--- SUPPLIED DATA ---

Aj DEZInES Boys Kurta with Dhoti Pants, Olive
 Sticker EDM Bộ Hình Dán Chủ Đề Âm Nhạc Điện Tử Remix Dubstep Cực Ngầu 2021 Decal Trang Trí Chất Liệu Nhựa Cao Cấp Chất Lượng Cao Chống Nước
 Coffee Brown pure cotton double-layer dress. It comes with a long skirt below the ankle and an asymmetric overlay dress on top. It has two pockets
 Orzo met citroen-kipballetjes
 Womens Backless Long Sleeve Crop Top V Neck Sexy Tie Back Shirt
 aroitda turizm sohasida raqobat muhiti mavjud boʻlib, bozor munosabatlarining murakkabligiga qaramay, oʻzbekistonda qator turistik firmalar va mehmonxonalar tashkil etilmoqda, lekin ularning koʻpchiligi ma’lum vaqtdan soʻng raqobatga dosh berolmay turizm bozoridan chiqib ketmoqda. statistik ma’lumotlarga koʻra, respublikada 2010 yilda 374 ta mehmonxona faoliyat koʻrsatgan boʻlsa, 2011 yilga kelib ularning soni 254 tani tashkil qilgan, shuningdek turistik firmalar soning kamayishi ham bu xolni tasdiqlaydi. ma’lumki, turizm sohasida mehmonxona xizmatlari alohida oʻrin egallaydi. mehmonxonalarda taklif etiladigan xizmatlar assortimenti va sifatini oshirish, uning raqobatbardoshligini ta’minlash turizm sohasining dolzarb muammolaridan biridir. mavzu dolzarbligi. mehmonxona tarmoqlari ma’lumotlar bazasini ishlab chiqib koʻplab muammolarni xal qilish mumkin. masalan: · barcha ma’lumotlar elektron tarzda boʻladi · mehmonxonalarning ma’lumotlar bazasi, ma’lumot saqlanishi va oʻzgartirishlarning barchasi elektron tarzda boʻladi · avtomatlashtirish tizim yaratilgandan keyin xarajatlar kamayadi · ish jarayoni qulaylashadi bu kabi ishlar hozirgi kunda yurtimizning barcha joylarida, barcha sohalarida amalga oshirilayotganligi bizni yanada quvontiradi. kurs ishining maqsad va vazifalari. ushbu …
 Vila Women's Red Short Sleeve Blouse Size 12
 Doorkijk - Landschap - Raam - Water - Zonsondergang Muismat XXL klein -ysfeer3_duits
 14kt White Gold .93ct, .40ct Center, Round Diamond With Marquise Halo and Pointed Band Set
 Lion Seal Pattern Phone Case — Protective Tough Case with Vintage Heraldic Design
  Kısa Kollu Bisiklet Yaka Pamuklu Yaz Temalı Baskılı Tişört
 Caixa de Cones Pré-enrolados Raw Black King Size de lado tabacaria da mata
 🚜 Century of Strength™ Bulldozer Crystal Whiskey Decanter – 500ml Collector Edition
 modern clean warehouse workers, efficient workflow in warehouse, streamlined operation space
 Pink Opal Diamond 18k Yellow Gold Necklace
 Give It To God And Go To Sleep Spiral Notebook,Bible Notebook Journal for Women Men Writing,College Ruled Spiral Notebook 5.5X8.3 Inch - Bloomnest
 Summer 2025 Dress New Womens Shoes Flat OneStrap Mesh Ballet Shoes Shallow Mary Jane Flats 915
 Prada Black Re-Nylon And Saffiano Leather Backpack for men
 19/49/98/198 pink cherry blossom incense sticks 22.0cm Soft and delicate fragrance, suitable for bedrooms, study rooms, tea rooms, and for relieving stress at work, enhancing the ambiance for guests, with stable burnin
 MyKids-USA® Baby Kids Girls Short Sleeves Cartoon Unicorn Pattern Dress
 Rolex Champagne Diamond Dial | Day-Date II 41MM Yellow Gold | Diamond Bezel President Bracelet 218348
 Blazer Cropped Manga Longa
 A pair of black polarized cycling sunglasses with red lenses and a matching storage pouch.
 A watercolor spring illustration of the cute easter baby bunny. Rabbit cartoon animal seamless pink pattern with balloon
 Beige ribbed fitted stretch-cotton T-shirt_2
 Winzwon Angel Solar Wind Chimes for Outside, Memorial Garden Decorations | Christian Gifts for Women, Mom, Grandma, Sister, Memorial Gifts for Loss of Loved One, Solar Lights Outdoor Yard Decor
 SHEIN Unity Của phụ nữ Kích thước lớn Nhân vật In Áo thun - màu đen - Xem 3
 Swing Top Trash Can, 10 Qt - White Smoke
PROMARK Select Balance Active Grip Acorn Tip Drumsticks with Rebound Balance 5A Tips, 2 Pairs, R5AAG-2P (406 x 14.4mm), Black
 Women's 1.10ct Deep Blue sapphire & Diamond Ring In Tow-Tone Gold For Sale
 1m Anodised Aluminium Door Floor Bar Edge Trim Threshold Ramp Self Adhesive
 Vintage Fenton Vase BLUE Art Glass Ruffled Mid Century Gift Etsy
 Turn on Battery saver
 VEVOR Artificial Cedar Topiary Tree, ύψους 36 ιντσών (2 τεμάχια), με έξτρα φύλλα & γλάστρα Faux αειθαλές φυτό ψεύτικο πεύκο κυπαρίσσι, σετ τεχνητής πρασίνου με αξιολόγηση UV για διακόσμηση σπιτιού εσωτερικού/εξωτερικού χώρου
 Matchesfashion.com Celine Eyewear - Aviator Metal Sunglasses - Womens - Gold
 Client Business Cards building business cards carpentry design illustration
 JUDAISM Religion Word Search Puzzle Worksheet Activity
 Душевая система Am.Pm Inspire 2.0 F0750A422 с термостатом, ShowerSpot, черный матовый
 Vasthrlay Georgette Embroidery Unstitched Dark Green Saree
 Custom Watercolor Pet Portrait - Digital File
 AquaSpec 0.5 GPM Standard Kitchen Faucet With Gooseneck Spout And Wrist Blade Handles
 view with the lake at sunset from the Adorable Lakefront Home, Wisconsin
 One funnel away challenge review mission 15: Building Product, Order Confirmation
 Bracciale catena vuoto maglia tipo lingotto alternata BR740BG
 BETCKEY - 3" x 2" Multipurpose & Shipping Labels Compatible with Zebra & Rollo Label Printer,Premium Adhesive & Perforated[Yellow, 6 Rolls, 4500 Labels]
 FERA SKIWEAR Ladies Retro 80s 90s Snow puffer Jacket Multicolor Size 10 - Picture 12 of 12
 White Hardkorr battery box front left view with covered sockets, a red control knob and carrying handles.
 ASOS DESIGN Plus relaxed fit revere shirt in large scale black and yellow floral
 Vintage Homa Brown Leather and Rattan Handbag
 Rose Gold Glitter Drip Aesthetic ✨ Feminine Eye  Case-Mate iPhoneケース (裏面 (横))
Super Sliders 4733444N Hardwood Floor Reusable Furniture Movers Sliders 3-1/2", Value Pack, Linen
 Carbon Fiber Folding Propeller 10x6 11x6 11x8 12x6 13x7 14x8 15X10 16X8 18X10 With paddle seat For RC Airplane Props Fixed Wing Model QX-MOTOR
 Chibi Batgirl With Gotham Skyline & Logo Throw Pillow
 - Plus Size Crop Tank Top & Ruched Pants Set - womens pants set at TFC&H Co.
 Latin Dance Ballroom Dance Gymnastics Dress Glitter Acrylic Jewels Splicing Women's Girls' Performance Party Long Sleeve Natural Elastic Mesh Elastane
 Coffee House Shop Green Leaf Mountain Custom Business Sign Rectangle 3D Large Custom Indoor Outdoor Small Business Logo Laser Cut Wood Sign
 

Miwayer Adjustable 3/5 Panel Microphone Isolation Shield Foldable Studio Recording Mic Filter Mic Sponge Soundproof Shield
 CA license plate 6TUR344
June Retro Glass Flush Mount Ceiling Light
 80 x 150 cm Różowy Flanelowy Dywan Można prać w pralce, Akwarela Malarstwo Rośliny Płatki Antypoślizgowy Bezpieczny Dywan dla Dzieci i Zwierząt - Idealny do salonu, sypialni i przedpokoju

---

▶ _WHAT YOU HAVE TO DO_
In the data above, retype exactly and only the lines between the one holding "Blazer Cropped Manga Longa" and the one holding "Women's 1.10ct Deep", inclusive.

▶ _RESPONSE TO THE TASK_
 Blazer Cropped Manga Longa
 A pair of black polarized cycling sunglasses with red lenses and a matching storage pouch.
 A watercolor spring illustration of the cute easter baby bunny. Rabbit cartoon animal seamless pink pattern with balloon
 Beige ribbed fitted stretch-cotton T-shirt_2
 Winzwon Angel Solar Wind Chimes for Outside, Memorial Garden Decorations | Christian Gifts for Women, Mom, Grandma, Sister, Memorial Gifts for Loss of Loved One, Solar Lights Outdoor Yard Decor
 SHEIN Unity Của phụ nữ Kích thước lớn Nhân vật In Áo thun - màu đen - Xem 3
 Swing Top Trash Can, 10 Qt - White Smoke
PROMARK Select Balance Active Grip Acorn Tip Drumsticks with Rebound Balance 5A Tips, 2 Pairs, R5AAG-2P (406 x 14.4mm), Black
 Women's 1.10ct Deep Blue sapphire & Diamond Ring In Tow-Tone Gold For Sale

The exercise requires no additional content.